START Supplied material
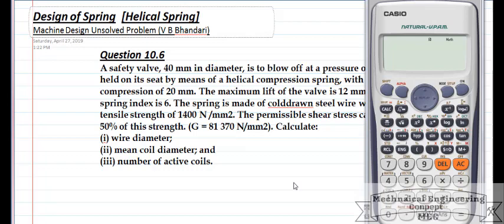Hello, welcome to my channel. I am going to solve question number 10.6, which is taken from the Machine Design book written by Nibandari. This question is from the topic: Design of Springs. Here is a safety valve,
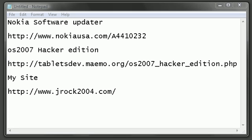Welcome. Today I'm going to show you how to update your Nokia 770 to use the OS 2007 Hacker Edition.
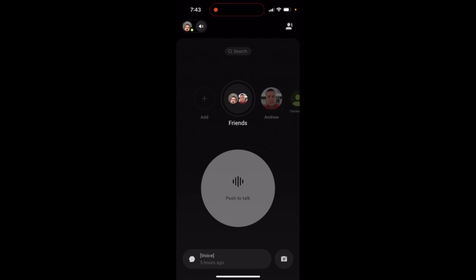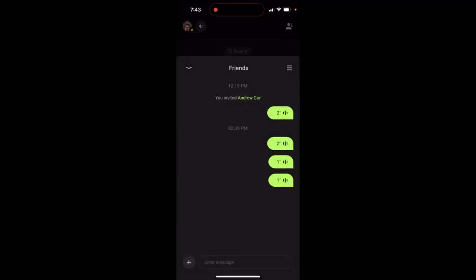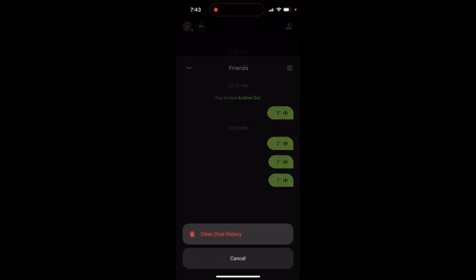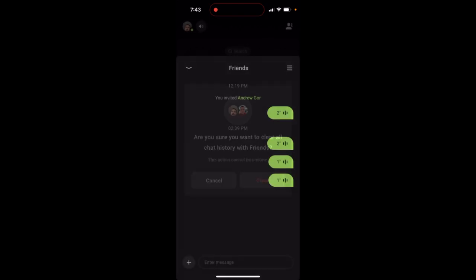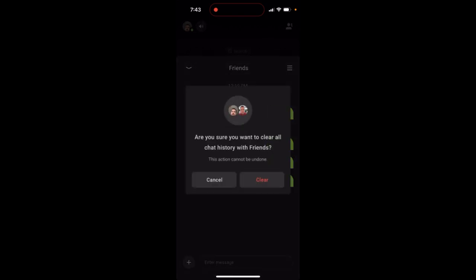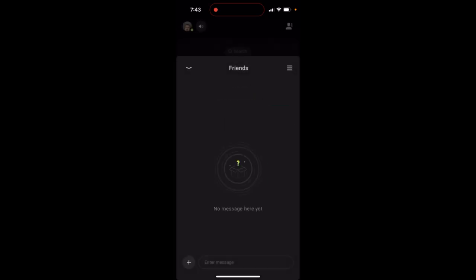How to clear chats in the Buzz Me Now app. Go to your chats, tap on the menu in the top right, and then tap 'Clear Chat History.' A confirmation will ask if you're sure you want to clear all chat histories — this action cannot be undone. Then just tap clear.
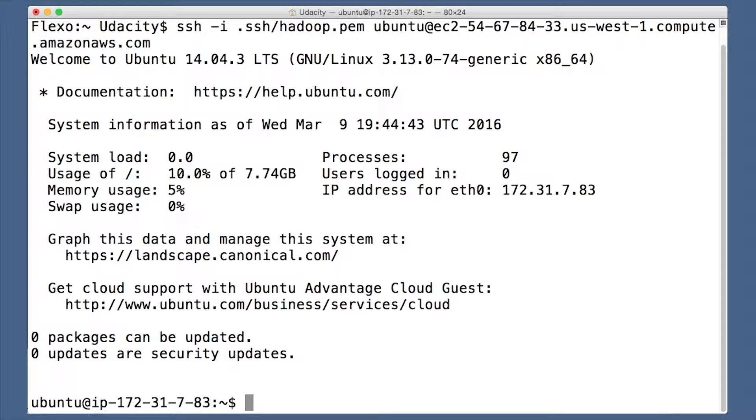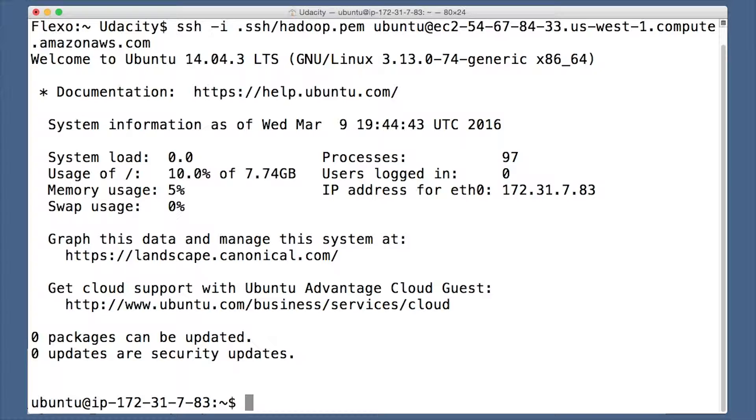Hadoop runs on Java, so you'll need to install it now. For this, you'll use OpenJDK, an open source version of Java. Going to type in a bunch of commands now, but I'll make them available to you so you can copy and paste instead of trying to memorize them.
END Supplied material
- What to work on
Exactly those lines that run from the line holding "How to clear" to the end of the listing above, both included, are to be reproduced, with pictures left out.

- Written response
How to clear chats in the Buzz Me Now app. Go to your chats, tap on the menu in the top right, and then tap 'Clear Chat History.' A confirmation will ask if you're sure you want to clear all chat histories — this action cannot be undone. Then just tap clear.
Hadoop runs on Java, so you'll need to install it now. For this, you'll use OpenJDK, an open source version of Java. Going to type in a bunch of commands now, but I'll make them available to you so you can copy and paste instead of trying to memorize them.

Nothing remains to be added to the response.